◆ **Description of the task**: From top to bottom, retype the data exactly, passing over any picture.

Records drawn from a dataset:
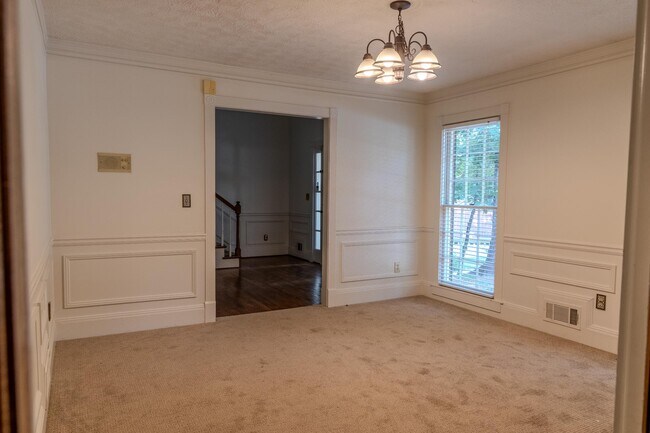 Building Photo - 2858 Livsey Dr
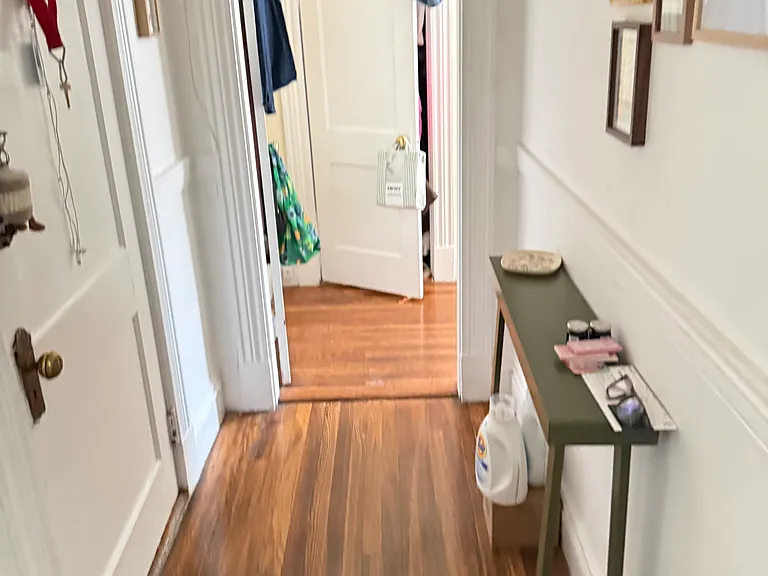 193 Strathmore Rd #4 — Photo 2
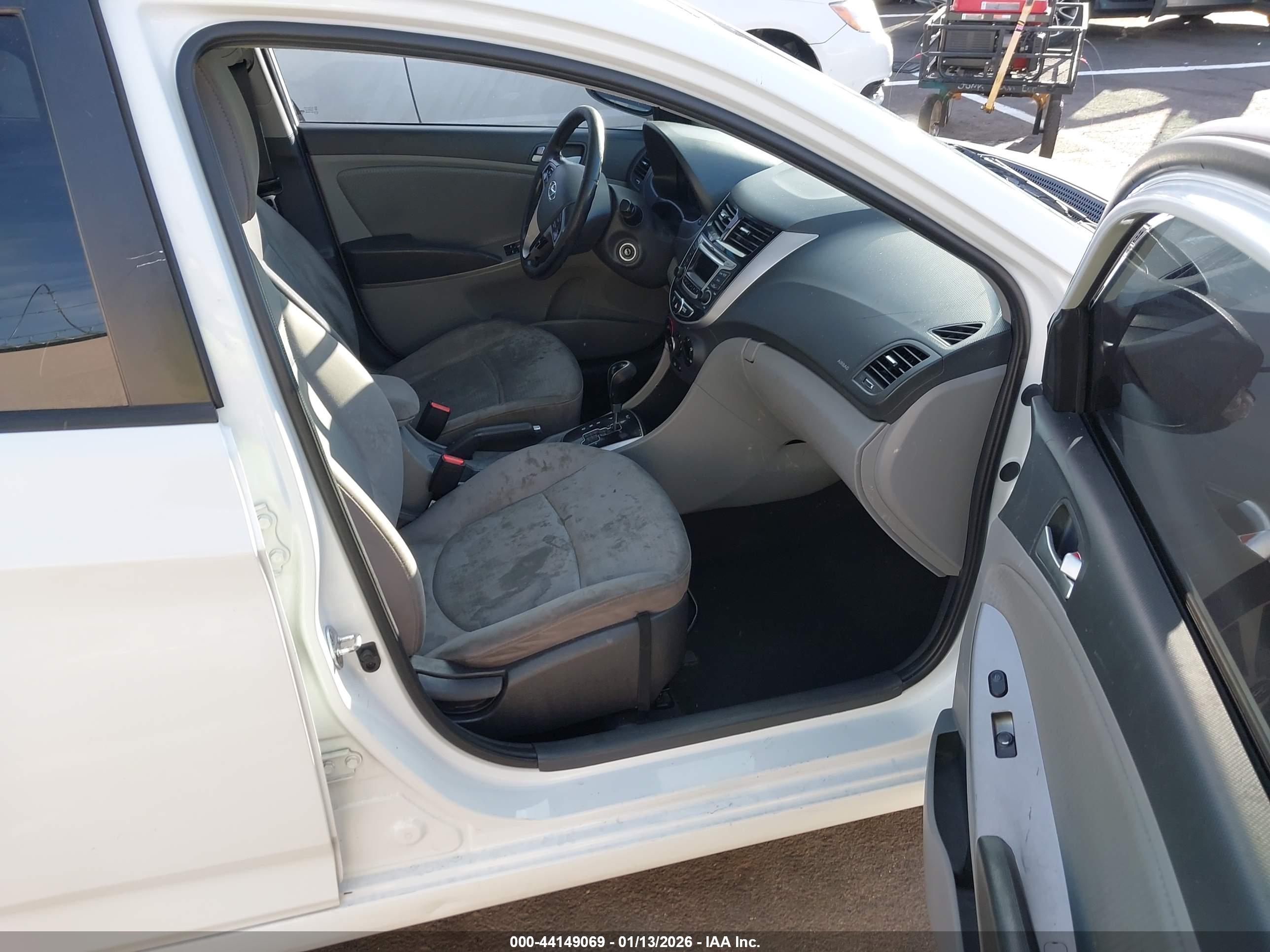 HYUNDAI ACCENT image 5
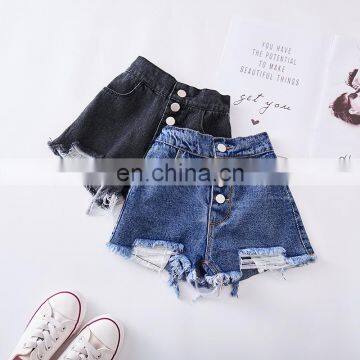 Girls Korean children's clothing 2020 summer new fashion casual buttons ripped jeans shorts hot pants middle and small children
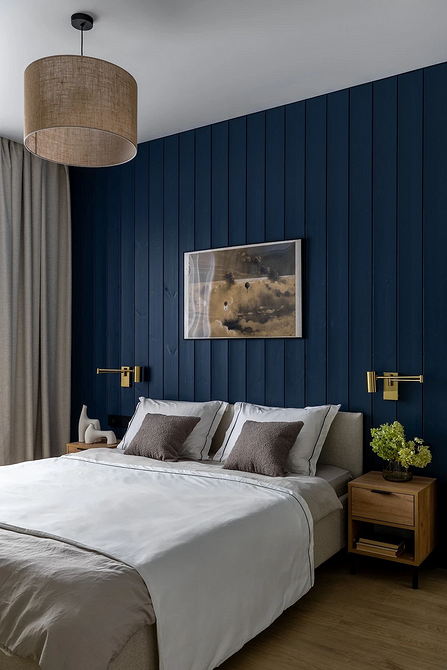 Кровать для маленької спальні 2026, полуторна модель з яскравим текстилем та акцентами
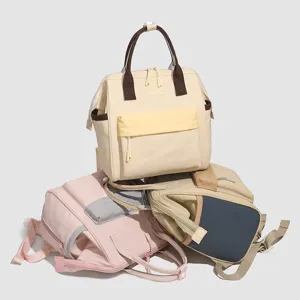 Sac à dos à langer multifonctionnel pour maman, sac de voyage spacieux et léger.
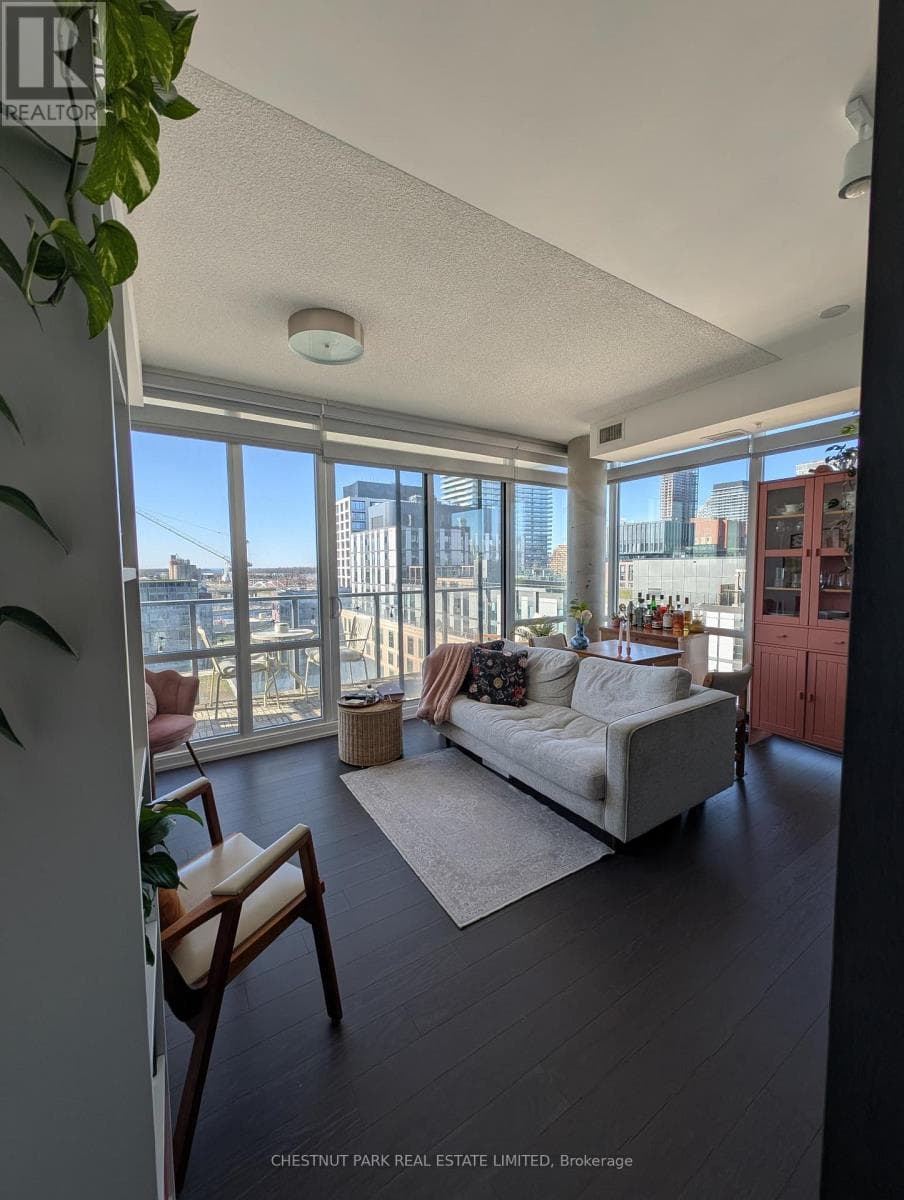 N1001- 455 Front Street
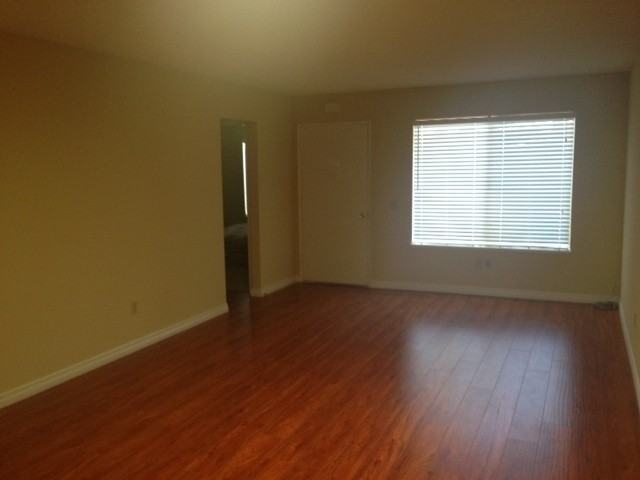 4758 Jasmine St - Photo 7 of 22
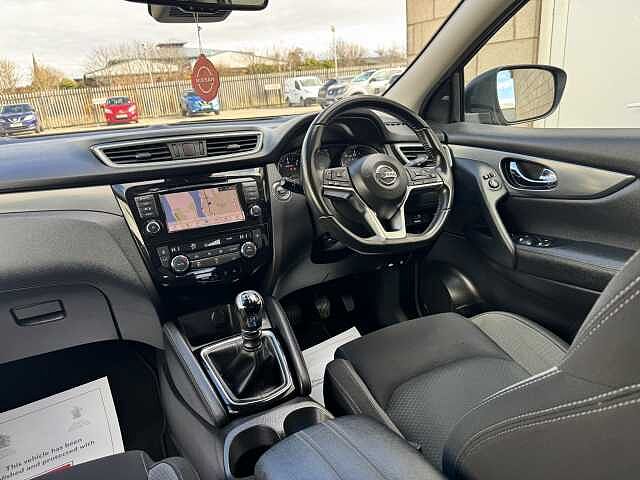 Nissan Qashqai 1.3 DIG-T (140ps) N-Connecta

◆ **Answer section**:
 Building Photo - 2858 Livsey Dr
 193 Strathmore Rd #4 — Photo 2
 HYUNDAI ACCENT image 5
 Girls Korean children's clothing 2020 summer new fashion casual buttons ripped jeans shorts hot pants middle and small children
 Кровать для маленької спальні 2026, полуторна модель з яскравим текстилем та акцентами
 Sac à dos à langer multifonctionnel pour maman, sac de voyage spacieux et léger.
 N1001- 455 Front Street
 4758 Jasmine St - Photo 7 of 22
 Nissan Qashqai 1.3 DIG-T (140ps) N-Connecta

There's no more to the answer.